WORK TO COMPLETE:
Leaving out the pictures, copy each record below exactly.

RECORDED INFORMATION:

------------

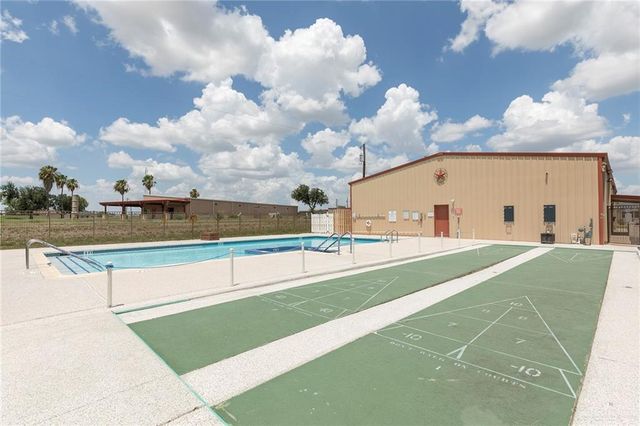 7422 Golf Drive, Mission, TX 78572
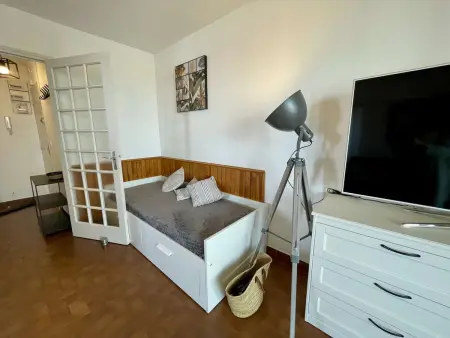 Appartement au Port 2 Pièces Saint-Cyprien avec Parking - Photo 5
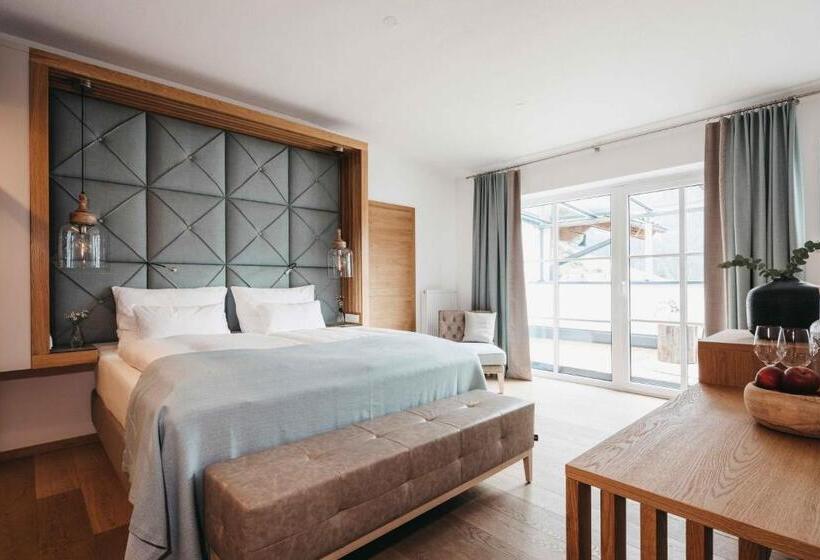 غرفة قياسية مطلّة علي الحديقة, Sonnhof Alpendorf   An Adults Only Place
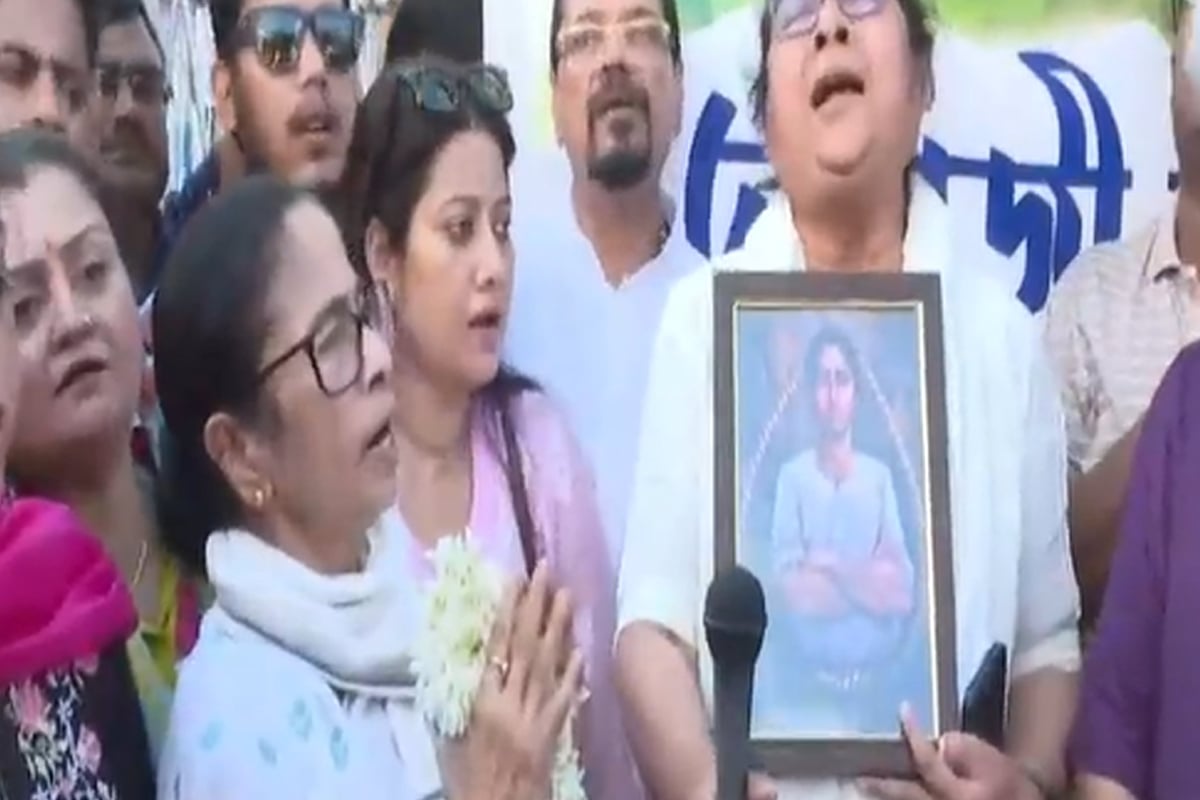 হালিশহরের পর শ্যামবাজার, নেতাজিকে শ্রদ্ধাজ্ঞাপন সেরে ফেরার পথে মমতাকে লক্ষ্য করে ‘চোর’ স্লোগান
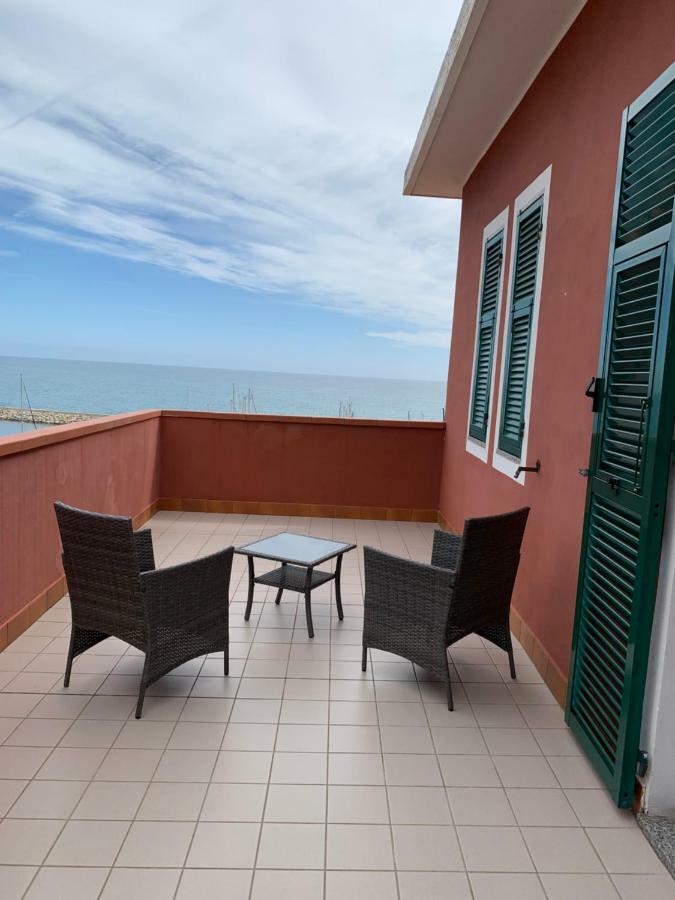 Hotel Baia Dei Gabbiani San Lorenzo al Mare Exterior foto
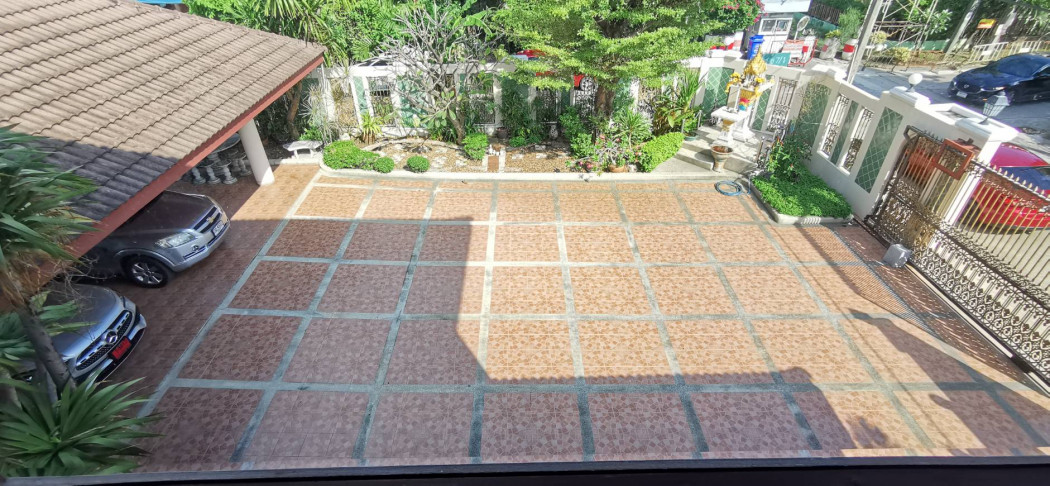 ขาย บ้านเดี่ยว เมืองทองธานีโครงการ 1 600 ตรม. 176.5 ตร.วา หลังมุม บ้านไม้สัก พร้อมบิ้วอินสวย รูปที่ 2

------------

SOLVED PROBLEM:
 7422 Golf Drive, Mission, TX 78572
 Appartement au Port 2 Pièces Saint-Cyprien avec Parking - Photo 5
 غرفة قياسية مطلّة علي الحديقة, Sonnhof Alpendorf   An Adults Only Place
 হালিশহরের পর শ্যামবাজার, নেতাজিকে শ্রদ্ধাজ্ঞাপন সেরে ফেরার পথে মমতাকে লক্ষ্য করে ‘চোর’ স্লোগান
 Hotel Baia Dei Gabbiani San Lorenzo al Mare Exterior foto
 ขาย บ้านเดี่ยว เมืองทองธานีโครงการ 1 600 ตรม. 176.5 ตร.วา หลังมุม บ้านไม้สัก พร้อมบิ้วอินสวย รูปที่ 2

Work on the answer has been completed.